What is home?

A shelter-in-place rethink

The government mandate to “Stay-at-Home” makes me jealous of people who have their in-laws in their home community. Even dysfunctional, disagreeable or outright weird family members can be a huge support in times of crisis. I feel this poignantly because my nearest relative is more than 350 miles away.

I’m from so many states I’m not sure which one is home. It’s made me think a lot about what makes a place home. Many people say home is where their spouse and/or children are. Others describe home as the place where they grew up—where their roots are. Some people say they’ve found a “career home,” a “church home” or even “home away from home.”

For me, Spanish moss and Cajun-French culture bring my mind home to Southern Louisiana, in the same way that winding streets full of traffic and all things “peach” bring me home to Georgia. But I no longer live in either state. Fond memories are certainly pieces of the puzzle.

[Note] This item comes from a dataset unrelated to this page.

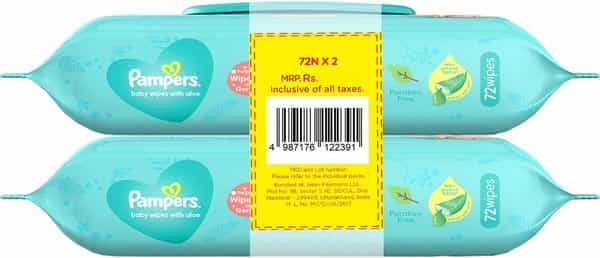 Pampers Baby Gentle Wet Wipes With Aloe 97% Pure Water 144 Count
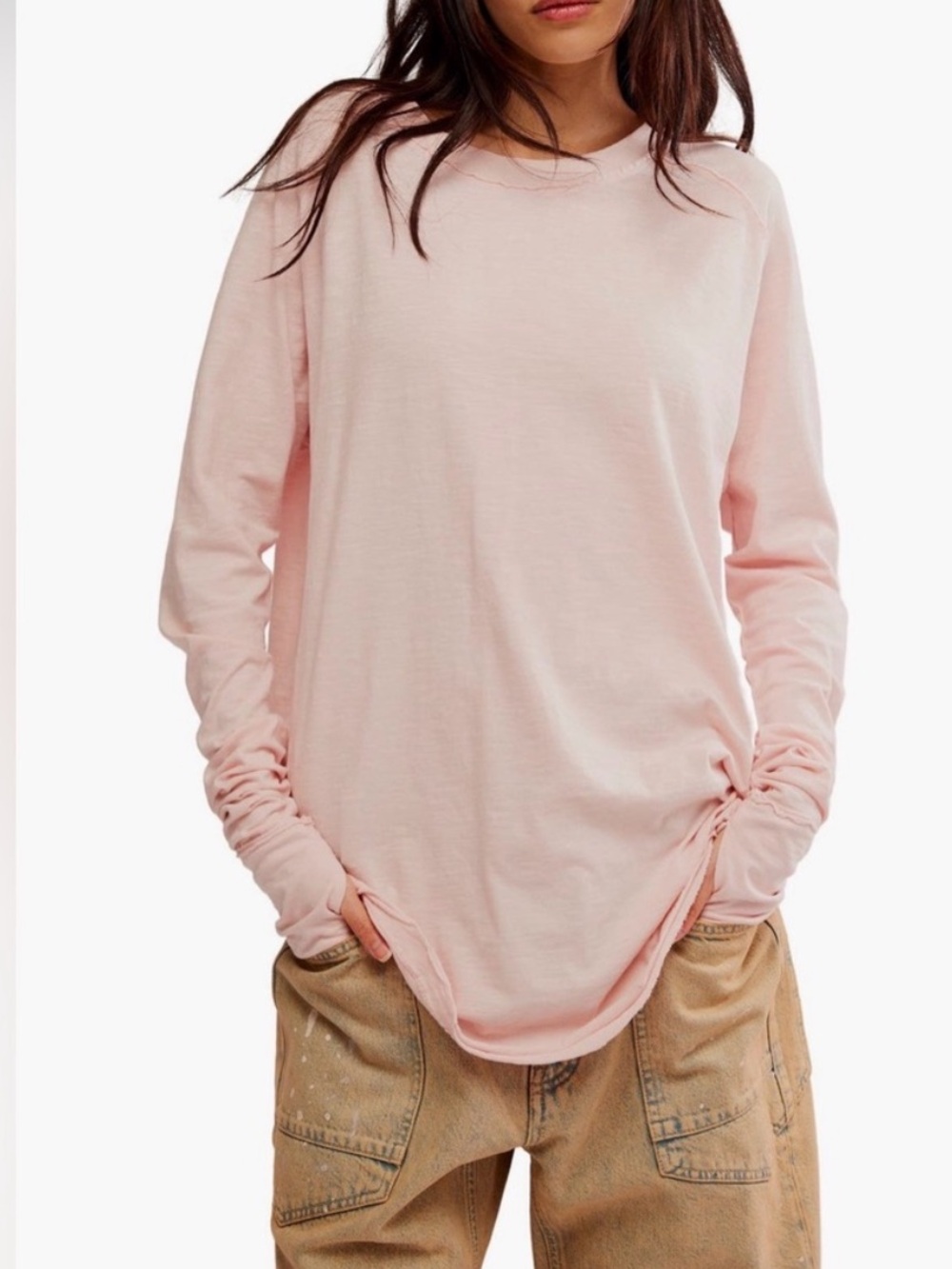 Free People We The Free Arden Extra Long Cotton Top In Pink Lotus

What is it that completes the picture of home for you?

Ultimately, I think home is where you find people who “get” you—the ones who’ll go out of their way to bring you your favorite brand of chips and salsa after they’ve made a TP run during a quarantine. These people might be relatives, or they might be friends, but we tend to think of them as family. Love your job? I’ll bet you’ve referred to your colleagues as “work family.”

“Home” is a place where you understand and respect the culture and traditions that you share with those around you. Home might be something you sense immediately, or it might be something you grow into over time. Home inspires you to invest your passions to make it a better place, even as you love it just as it is. And sometimes, it means choosing to “adopt” things that you might never have even considered important. 

When our new neighbors came over to welcome us shortly after we moved into our current house, they asked whether I would root for Tennessee (our most recent home state) or Kentucky in state university athletic competitions. “Well, I like blue better than orange, so I guess I’ll support Kentucky,” I replied, unwittingly denigrating the hallowed courts of the Big Blue Nation. There was an awkward silence as they searched for a response. I don’t think our die-hard wildcat neighbors had ever encountered someone for whom basketball wasn’t sacred! (Fortunately for me, I’ve found a few people in our new ZIP code who are sports-ambivalent …)

What is it that first prompts a person to connect with authenticity and then continue a dynamic relationship with others that involves the things that are most important? I think it could be summed up to shared values conveyed through mutual respect, revealed via genuine communication. It’s the sharing of values and ideas through communication that helps us find our way home.

Learning about others, recognizing what’s important and adapting to your environment are key factors in creating a connection that can grow into a bond, if fostered within a healthy environment. You can’t do that without effective communication, and this doesn’t necessarily require a shared dialect. Remember that a smile is a universal language.  

How we communicate—articulating our shared values and relating to each other—is key to capturing the minds and hearts of the people around us. Sometimes, like children who find they have shared interests on a playground, this happens effortlessly. At other times it requires discipline and conscientious effort. It’s why we’re told to “Think before you speak,” and that “Honesty is the best policy.” It’s also why successful business leaders carefully plan their communication strategies—before, during and after a time of unforeseen events.

Happily, I’ve landed in a career home that values both collaboration and individuality—the supreme yin and yang of professional development. My Smith “family” is full of expert communicators who selflessly share their knowledge within our team, while encouraging each person to apply his or her unique perspective to creatively help our clients reach their goals. There’s no single “right way” to solve a problem. Excellence is the tie that binds us. 

Is it possible for you to find a “consulting home?” I might be a little biased, but my experience has been that the people at Smith truly set us apart. While you may be restricted to buying only two gallons of milk right now, the good news is that there’s no ration on creative solutions—no “social distancing” necessary in helping one another succeed. So, I’d say, yeah; I think that’s possible.